Modern technology uses a wide range of elements from the periodic table. See Fig. 9.1.4

 

That’s not everything that goes into a tablet computer. But to make just those components we need a pure-silica sand deposit, a salt mine for sodium, a rock quarry for calcium, an oil well, a gas well, an aluminum mine, an iron mine, a manganese mine, a copper-molybdenum-gold mine, a cobalt-nickel mine, a rare-earth element and indium mine, and a source of energy to transport all the materials, process them, put them together, and finally transport the computer to your house or the store where you bought it [3]. Production of resources has markedly increased to meet the demand that our modern lives create. Figure 9.1.3 shows the resources that every American born will need in the average lifetime.

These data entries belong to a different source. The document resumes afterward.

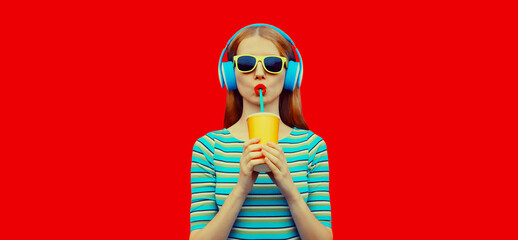Fashion portrait of stylish young woman listening to music with headphones drinking fresh juice...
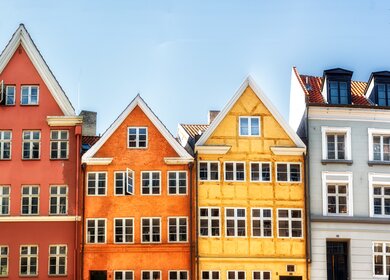 Frontale Ansicht Kopenhagener Nyahavn - Bunte traditionelle dänische Häuser mit hellblauem Himmel | © GettyImage.com/atosan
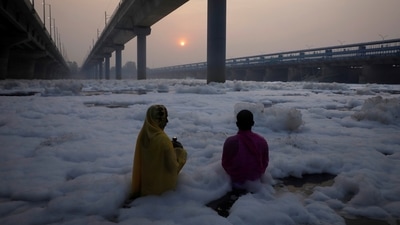 A couple worships the Sun god as they stand amidst the toxic foam of Yamuna river in Delhi. (REUTERS)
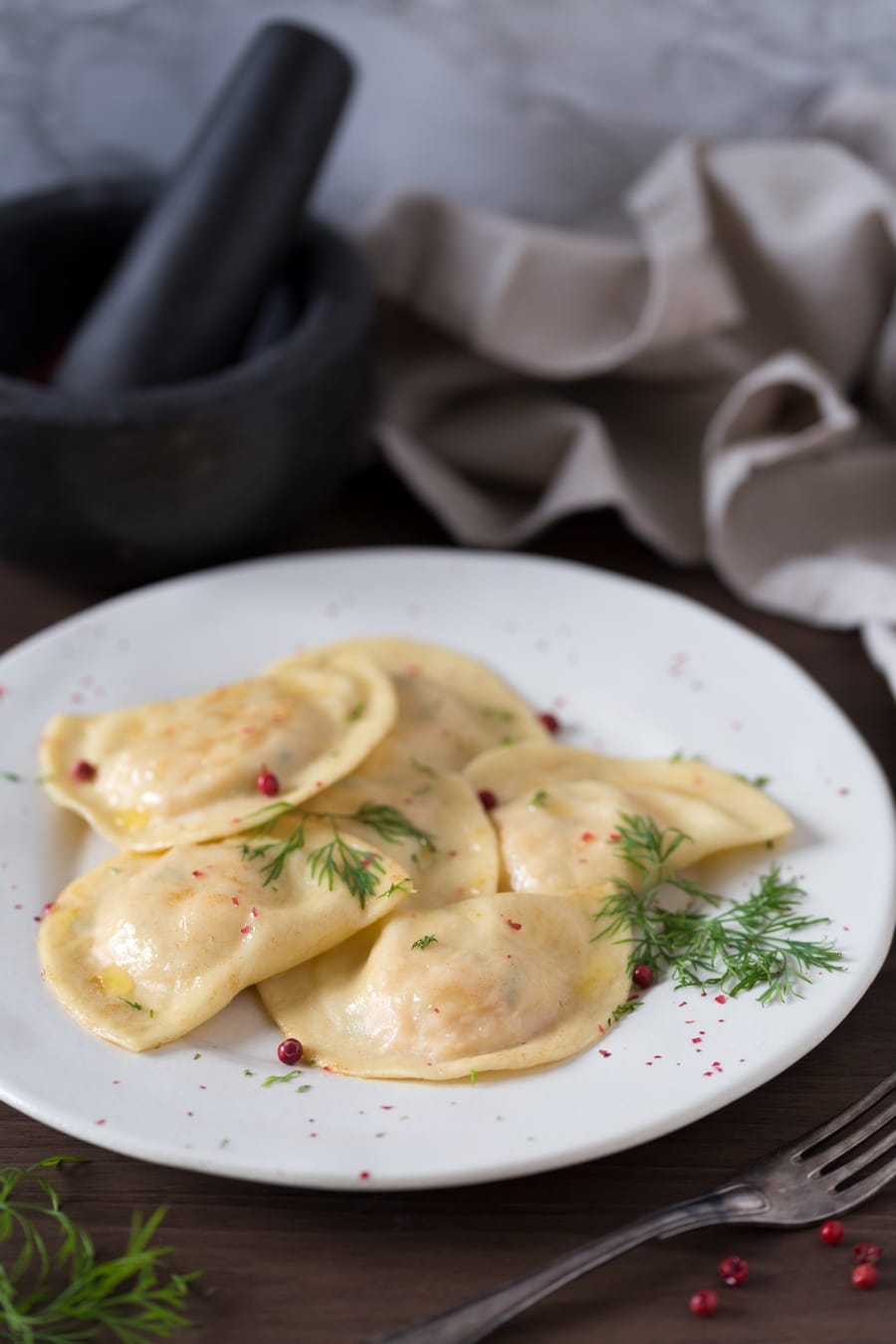 Smoked salmon ravioli with dill and pink peppercorns on a white plate.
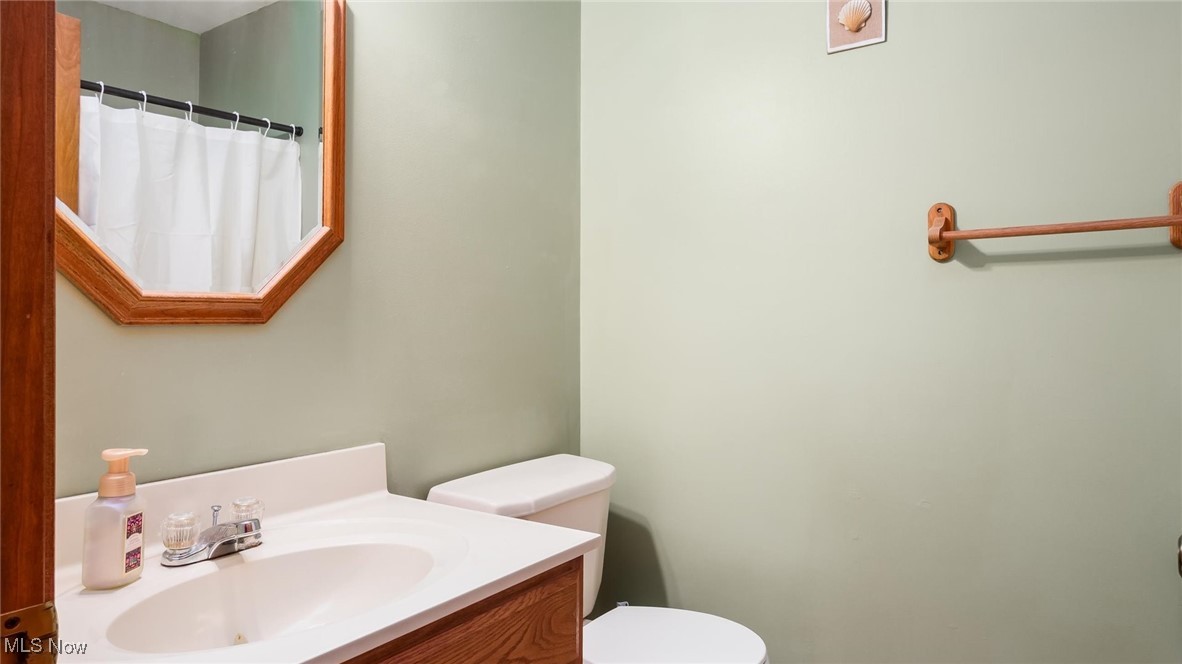 9910 Matchett Road Norwich, OH 43767 - Photo 22 of 48 Bathroom with vanity and a shower with shower curtain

For 2020, every American born will need 3.19 million pounds of geological resources.
Fig. 9.1.3. This graphic shows examples of the 3.19 million pounds of minerals, metals, and fuels the average American will need in their lifetime. Calculations are based on a life expectancy of 77.3 years and mineral use data from the National Mining Association, the U.S. Geological Survey and the U.S. Energy Information Administration. Data from 2020.

 

Image showing the elements that go into important technology applications
Fig 9.1.4 Main elements in modern technology, some examples. Source: D. Londoño, CC-BY.
Exercise 9.1 Where does it come from?
Ballpoint-pen-parts
Figure 9.1.5. Parts of a ball pen. Source: Pavel, K. Wikimedia Commons.

Look around you and find at least five objects (other than a computer or a phone) that have been made from materials that were mined, quarried, or extracted from an oil or gas well. Try to identify the materials involved and think about where they might have come from. This pen is just an example.